Addressing the World Holocaust Forum at Yad Vashem were representatives of the Allied powers that defeated Nazi Germany in World War II — the United States, Britain, Soviet Union and France.
Russian President Vladimir Putin called the Holocaust “one of the most terrible chapters of human history” and said remembering it “is our shared responsibility to the past and the future.”
“We mourn for all the victims of the Nazis, including six million Jews,” he said. “These death camps were operated not just by Nazis but by their henchmen in various countries.”
Those remarks appeared aimed in part at Russia’s Cold War-era satellites, including Poland, whose President Andrzej Duda stayed away from Jerusalem after being denied the right to address the event.
Last month, Putin provoked an outcry after he made the claim that Poland had colluded with Adolf Hitler and contributed to the outbreak of World War II.
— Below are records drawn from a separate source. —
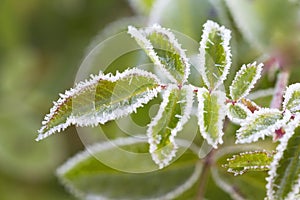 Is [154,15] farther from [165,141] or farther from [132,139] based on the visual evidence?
[165,141]

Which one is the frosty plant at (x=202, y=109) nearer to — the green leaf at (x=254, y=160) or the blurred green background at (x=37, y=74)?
the green leaf at (x=254, y=160)

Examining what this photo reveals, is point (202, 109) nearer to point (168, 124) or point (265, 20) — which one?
point (168, 124)

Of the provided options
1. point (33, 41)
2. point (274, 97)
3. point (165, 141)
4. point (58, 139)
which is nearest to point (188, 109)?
point (165, 141)

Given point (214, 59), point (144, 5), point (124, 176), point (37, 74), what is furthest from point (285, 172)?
point (37, 74)

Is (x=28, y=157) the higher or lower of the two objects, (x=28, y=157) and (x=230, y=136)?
the higher

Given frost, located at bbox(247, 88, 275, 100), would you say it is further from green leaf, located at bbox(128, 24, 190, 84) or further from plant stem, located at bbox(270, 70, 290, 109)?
green leaf, located at bbox(128, 24, 190, 84) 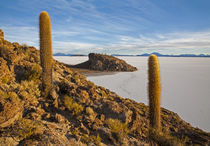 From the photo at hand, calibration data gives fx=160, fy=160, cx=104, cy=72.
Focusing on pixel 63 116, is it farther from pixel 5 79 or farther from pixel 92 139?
pixel 5 79

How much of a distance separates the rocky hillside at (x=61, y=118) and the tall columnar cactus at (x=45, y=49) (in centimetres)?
41

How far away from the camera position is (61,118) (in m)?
5.43

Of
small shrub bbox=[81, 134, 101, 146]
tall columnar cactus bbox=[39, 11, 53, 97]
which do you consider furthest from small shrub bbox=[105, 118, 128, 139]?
tall columnar cactus bbox=[39, 11, 53, 97]

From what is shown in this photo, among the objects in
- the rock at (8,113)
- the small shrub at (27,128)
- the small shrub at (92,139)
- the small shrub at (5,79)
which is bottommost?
the small shrub at (92,139)

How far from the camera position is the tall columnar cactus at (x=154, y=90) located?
20.1 ft

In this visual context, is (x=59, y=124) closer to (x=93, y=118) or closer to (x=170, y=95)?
(x=93, y=118)

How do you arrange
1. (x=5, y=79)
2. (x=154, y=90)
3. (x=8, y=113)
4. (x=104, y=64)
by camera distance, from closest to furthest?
(x=8, y=113) < (x=154, y=90) < (x=5, y=79) < (x=104, y=64)

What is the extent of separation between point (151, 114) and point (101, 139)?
2440 mm

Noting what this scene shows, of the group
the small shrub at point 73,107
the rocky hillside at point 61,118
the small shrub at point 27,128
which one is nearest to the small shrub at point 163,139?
the rocky hillside at point 61,118

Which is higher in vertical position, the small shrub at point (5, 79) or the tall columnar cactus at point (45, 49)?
the tall columnar cactus at point (45, 49)

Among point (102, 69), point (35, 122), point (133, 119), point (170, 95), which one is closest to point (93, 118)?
point (133, 119)

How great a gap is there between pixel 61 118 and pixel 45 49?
311 cm

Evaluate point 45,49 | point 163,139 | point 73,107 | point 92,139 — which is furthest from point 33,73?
point 163,139

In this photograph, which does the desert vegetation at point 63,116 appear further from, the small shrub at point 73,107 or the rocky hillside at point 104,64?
the rocky hillside at point 104,64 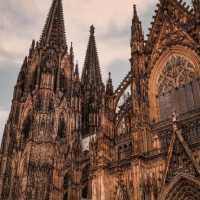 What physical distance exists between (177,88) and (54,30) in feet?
83.8

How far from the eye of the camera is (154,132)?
19.8 metres

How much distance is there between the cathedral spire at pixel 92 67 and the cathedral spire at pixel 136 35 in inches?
824

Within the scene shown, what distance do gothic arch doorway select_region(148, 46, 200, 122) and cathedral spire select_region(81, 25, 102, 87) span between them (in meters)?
23.3

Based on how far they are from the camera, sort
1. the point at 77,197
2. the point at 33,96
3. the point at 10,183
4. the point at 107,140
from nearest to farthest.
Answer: the point at 107,140 → the point at 77,197 → the point at 10,183 → the point at 33,96

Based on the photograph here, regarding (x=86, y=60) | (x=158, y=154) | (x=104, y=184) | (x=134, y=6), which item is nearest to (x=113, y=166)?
(x=104, y=184)

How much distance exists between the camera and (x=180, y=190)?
16.8m

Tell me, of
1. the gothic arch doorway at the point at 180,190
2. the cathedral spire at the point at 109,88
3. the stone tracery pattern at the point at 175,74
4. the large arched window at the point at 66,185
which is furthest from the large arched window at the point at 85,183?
the gothic arch doorway at the point at 180,190

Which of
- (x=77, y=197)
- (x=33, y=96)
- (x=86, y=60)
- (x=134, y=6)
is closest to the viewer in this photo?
(x=134, y=6)

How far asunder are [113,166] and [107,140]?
1784 millimetres

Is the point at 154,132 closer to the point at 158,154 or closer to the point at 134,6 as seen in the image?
the point at 158,154

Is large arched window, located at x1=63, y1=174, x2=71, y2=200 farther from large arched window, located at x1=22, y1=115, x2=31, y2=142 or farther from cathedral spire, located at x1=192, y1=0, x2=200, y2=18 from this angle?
cathedral spire, located at x1=192, y1=0, x2=200, y2=18

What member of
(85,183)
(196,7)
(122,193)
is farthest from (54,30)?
(122,193)

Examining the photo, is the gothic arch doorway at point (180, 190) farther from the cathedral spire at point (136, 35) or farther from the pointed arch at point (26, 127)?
the pointed arch at point (26, 127)

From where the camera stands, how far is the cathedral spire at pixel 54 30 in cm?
4138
Poland, which sees Moscow as rewriting history and ignoring its own 1939 non-aggression pact with Hitler, has urged Putin “not to use the memory of the victims of the Holocaust for political games.”
In his speech, Putin said the Soviet Union “paid the highest price, more than any other. Twenty-seven million Russians were killed. That is the price of victory.”
He claimed 40 percent of Jewish Holocaust victims were Soviet citizens, a figure contested by historians. He said the Red Army, which liberated many of the Nazi death camps, had “put an end to these crimes.”
Of the six million Jews killed by the Nazis, historians say about one million were Soviet. Putin’s controversial figure appears to include an additional 1.5 million Jewish victims from Eastern European areas occupied by the Soviets under their prewar pact with the Nazis.
“We need to find the courage not just to speak about anti-Semitism but also to do everything in our power to protect Jews,” he said.
Earlier, president of the World Holocaust Forum and the European Jewish Congress Moshe Kantor told the almost 50 world leaders assembled that the situation for Jewish communities is extremely precarious.
“According to surveys, more than 80 percent of Jews say they feel unsafe in Europe today… more than 40% said they have considered leaving the continent,” Kantor said during his address.
“In recent years, around 3% of Jews have emigrated from Europe annually because of anti-Semitism, meaning that in only 30 years, if the current trends persist or worsen, there could be no Jews left in Europe by 2050.”